Action item -> What is needed is every line from the one holding "VIZOR POMPA MANUALA COMBUSTIBIL" to the last line of the data below, printed exactly and without pictures.

Information supplied ->
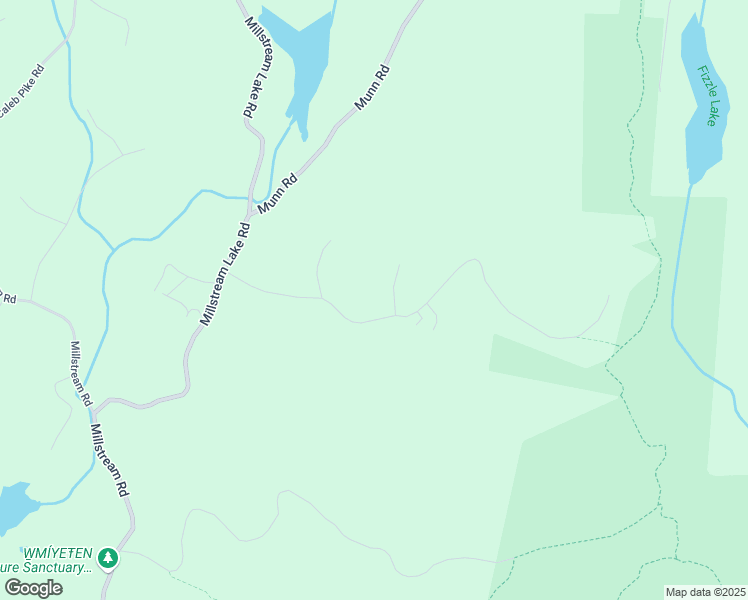 map of restaurants, bars, coffee shops, grocery stores, and more near 592 Cheryl Place in Victoria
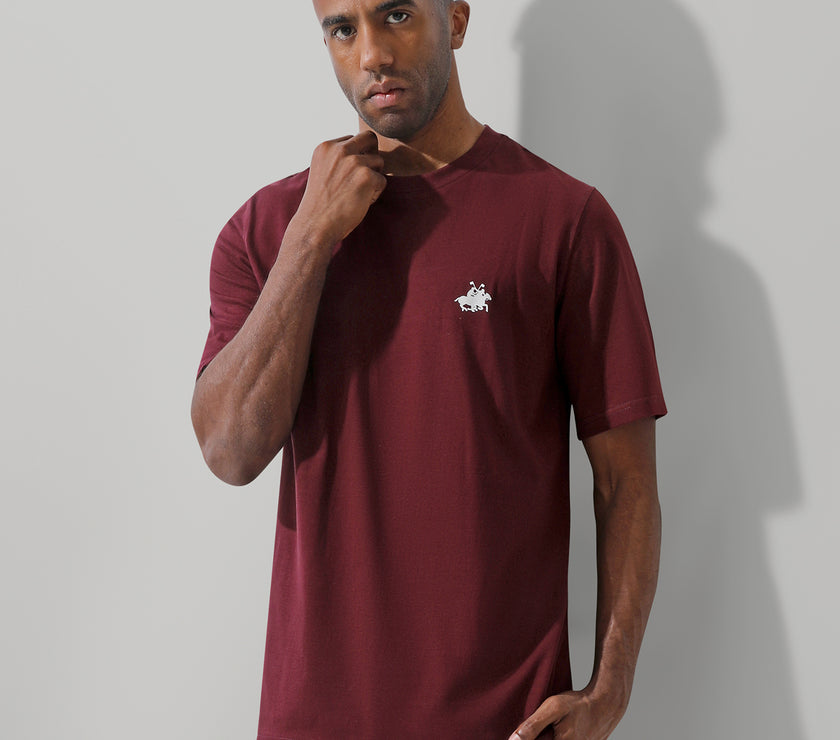 [RT] Small Pony Iconic Tee
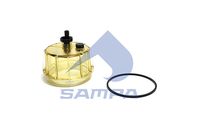 VIZOR POMPA MANUALA COMBUSTIBIL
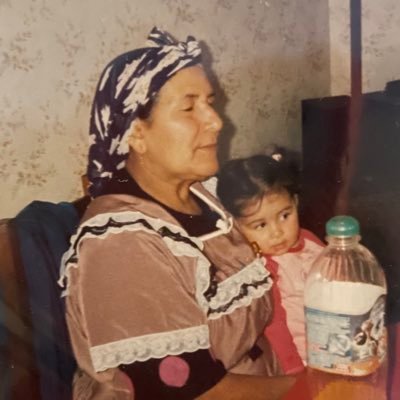 drsf_nlya's profile picture. 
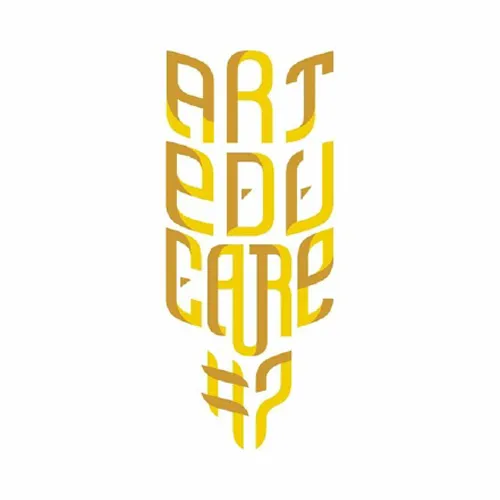 Logo Arteducare #7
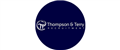 Thompson & Terry
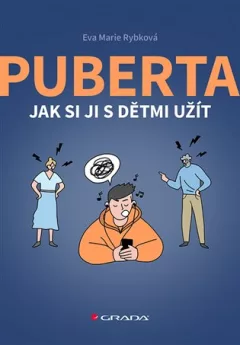 Puberta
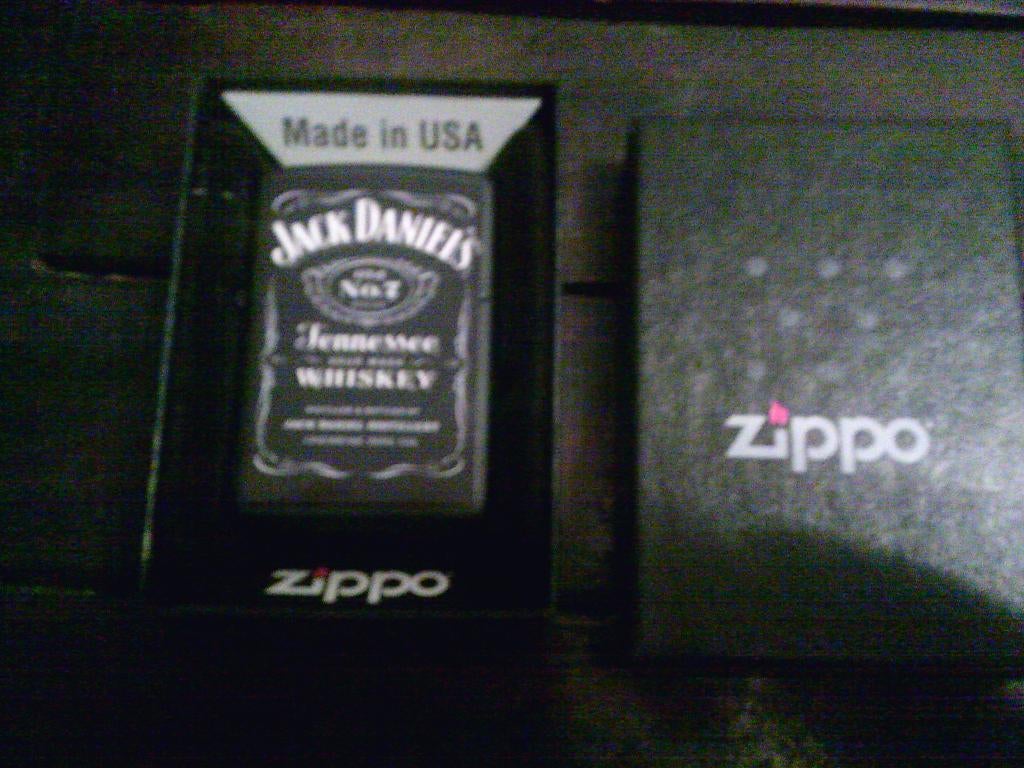 zippo aansteker, Verzamelen, Ophalen of Verzenden, Nieuw, Aansteker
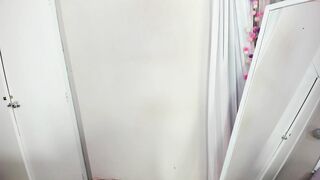 selene_ebony - Private  [Chaturbate] pack masturbation novinha mexico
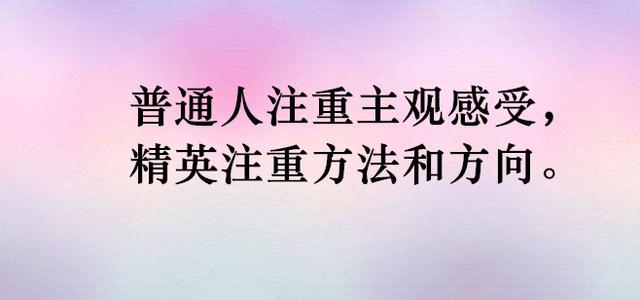 b13a371cb1d74b80abcc5dcab94176d6.jpeg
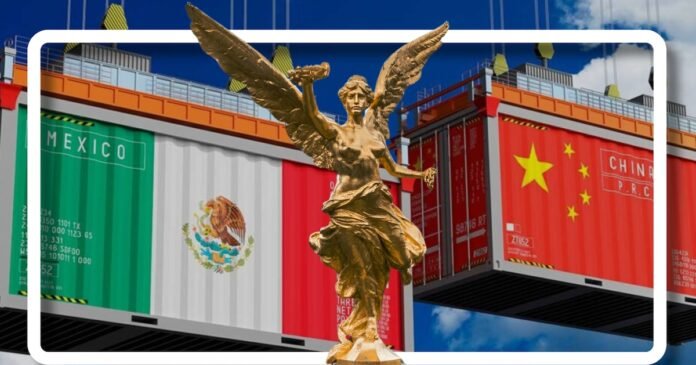 14/04, 09:41:09, 1.png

Written solution ->
 VIZOR POMPA MANUALA COMBUSTIBIL
 drsf_nlya's profile picture. 
 Logo Arteducare #7
 Thompson & Terry
 Puberta
 zippo aansteker, Verzamelen, Ophalen of Verzenden, Nieuw, Aansteker
 selene_ebony - Private  [Chaturbate] pack masturbation novinha mexico
 b13a371cb1d74b80abcc5dcab94176d6.jpeg
 14/04, 09:41:09, 1.png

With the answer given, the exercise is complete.